→ **EXERCISE DESCRIPTION**
The records appear below. Copy each one exactly.

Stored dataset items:
--- --- ---

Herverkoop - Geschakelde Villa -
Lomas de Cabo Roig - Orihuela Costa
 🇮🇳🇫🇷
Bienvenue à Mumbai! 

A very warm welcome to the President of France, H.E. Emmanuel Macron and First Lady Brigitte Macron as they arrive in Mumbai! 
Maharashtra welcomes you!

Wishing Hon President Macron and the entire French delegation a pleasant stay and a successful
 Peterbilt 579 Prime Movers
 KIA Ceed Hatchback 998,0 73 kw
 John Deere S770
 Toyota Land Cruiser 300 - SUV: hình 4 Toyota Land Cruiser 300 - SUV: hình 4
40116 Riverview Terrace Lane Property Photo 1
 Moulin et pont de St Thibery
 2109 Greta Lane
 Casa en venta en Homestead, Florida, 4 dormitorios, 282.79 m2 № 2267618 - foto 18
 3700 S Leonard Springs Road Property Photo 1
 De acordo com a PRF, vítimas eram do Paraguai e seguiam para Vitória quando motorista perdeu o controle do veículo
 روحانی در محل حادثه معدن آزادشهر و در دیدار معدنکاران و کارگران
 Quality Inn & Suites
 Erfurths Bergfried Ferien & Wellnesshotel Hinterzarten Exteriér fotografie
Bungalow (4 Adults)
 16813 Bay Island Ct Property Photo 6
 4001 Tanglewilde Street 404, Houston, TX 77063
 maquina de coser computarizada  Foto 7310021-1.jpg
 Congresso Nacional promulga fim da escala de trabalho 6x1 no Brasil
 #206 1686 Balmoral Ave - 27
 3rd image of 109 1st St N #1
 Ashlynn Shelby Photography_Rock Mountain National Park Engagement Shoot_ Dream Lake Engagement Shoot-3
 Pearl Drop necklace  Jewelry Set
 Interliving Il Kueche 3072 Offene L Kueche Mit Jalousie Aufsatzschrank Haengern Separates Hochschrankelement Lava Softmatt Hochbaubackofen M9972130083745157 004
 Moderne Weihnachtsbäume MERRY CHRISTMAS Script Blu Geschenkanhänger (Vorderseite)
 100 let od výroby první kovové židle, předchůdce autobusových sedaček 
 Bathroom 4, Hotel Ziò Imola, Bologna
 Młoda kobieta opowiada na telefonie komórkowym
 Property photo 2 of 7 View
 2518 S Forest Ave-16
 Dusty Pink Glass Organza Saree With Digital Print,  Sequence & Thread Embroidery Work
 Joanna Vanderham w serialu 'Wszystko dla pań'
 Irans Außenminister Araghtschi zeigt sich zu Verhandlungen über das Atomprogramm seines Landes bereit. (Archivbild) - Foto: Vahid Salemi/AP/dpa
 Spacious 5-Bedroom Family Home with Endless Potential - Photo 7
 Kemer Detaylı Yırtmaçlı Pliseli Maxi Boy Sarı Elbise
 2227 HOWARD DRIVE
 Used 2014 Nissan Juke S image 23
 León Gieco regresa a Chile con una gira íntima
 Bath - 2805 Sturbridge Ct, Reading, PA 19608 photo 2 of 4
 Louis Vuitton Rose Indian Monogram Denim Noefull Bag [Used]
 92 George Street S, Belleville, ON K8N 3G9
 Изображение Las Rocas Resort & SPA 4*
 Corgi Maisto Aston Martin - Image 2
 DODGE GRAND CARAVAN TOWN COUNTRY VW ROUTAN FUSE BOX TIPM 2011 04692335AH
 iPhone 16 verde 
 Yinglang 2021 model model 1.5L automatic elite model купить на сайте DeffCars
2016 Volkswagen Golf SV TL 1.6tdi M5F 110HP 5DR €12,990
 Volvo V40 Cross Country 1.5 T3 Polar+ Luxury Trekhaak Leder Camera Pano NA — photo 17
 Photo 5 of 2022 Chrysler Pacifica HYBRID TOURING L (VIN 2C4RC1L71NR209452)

--- --- ---

→ **EXERCISE SOLUTION**
Herverkoop - Geschakelde Villa -
Lomas de Cabo Roig - Orihuela Costa
 🇮🇳🇫🇷
Bienvenue à Mumbai! 

A very warm welcome to the President of France, H.E. Emmanuel Macron and First Lady Brigitte Macron as they arrive in Mumbai! 
Maharashtra welcomes you!

Wishing Hon President Macron and the entire French delegation a pleasant stay and a successful
 Peterbilt 579 Prime Movers
 KIA Ceed Hatchback 998,0 73 kw
 John Deere S770
 Toyota Land Cruiser 300 - SUV: hình 4 Toyota Land Cruiser 300 - SUV: hình 4
40116 Riverview Terrace Lane Property Photo 1
 Moulin et pont de St Thibery
 2109 Greta Lane
 Casa en venta en Homestead, Florida, 4 dormitorios, 282.79 m2 № 2267618 - foto 18
 3700 S Leonard Springs Road Property Photo 1
 De acordo com a PRF, vítimas eram do Paraguai e seguiam para Vitória quando motorista perdeu o controle do veículo
 روحانی در محل حادثه معدن آزادشهر و در دیدار معدنکاران و کارگران
 Quality Inn & Suites
 Erfurths Bergfried Ferien & Wellnesshotel Hinterzarten Exteriér fotografie
Bungalow (4 Adults)
 16813 Bay Island Ct Property Photo 6
 4001 Tanglewilde Street 404, Houston, TX 77063
 maquina de coser computarizada  Foto 7310021-1.jpg
 Congresso Nacional promulga fim da escala de trabalho 6x1 no Brasil
 #206 1686 Balmoral Ave - 27
 3rd image of 109 1st St N #1
 Ashlynn Shelby Photography_Rock Mountain National Park Engagement Shoot_ Dream Lake Engagement Shoot-3
 Pearl Drop necklace  Jewelry Set
 Interliving Il Kueche 3072 Offene L Kueche Mit Jalousie Aufsatzschrank Haengern Separates Hochschrankelement Lava Softmatt Hochbaubackofen M9972130083745157 004
 Moderne Weihnachtsbäume MERRY CHRISTMAS Script Blu Geschenkanhänger (Vorderseite)
 100 let od výroby první kovové židle, předchůdce autobusových sedaček 
 Bathroom 4, Hotel Ziò Imola, Bologna
 Młoda kobieta opowiada na telefonie komórkowym
 Property photo 2 of 7 View
 2518 S Forest Ave-16
 Dusty Pink Glass Organza Saree With Digital Print,  Sequence & Thread Embroidery Work
 Joanna Vanderham w serialu 'Wszystko dla pań'
 Irans Außenminister Araghtschi zeigt sich zu Verhandlungen über das Atomprogramm seines Landes bereit. (Archivbild) - Foto: Vahid Salemi/AP/dpa
 Spacious 5-Bedroom Family Home with Endless Potential - Photo 7
 Kemer Detaylı Yırtmaçlı Pliseli Maxi Boy Sarı Elbise
 2227 HOWARD DRIVE
 Used 2014 Nissan Juke S image 23
 León Gieco regresa a Chile con una gira íntima
 Bath - 2805 Sturbridge Ct, Reading, PA 19608 photo 2 of 4
 Louis Vuitton Rose Indian Monogram Denim Noefull Bag [Used]
 92 George Street S, Belleville, ON K8N 3G9
 Изображение Las Rocas Resort & SPA 4*
 Corgi Maisto Aston Martin - Image 2
 DODGE GRAND CARAVAN TOWN COUNTRY VW ROUTAN FUSE BOX TIPM 2011 04692335AH
 iPhone 16 verde 
 Yinglang 2021 model model 1.5L automatic elite model купить на сайте DeffCars
2016 Volkswagen Golf SV TL 1.6tdi M5F 110HP 5DR €12,990
 Volvo V40 Cross Country 1.5 T3 Polar+ Luxury Trekhaak Leder Camera Pano NA — photo 17
 Photo 5 of 2022 Chrysler Pacifica HYBRID TOURING L (VIN 2C4RC1L71NR209452)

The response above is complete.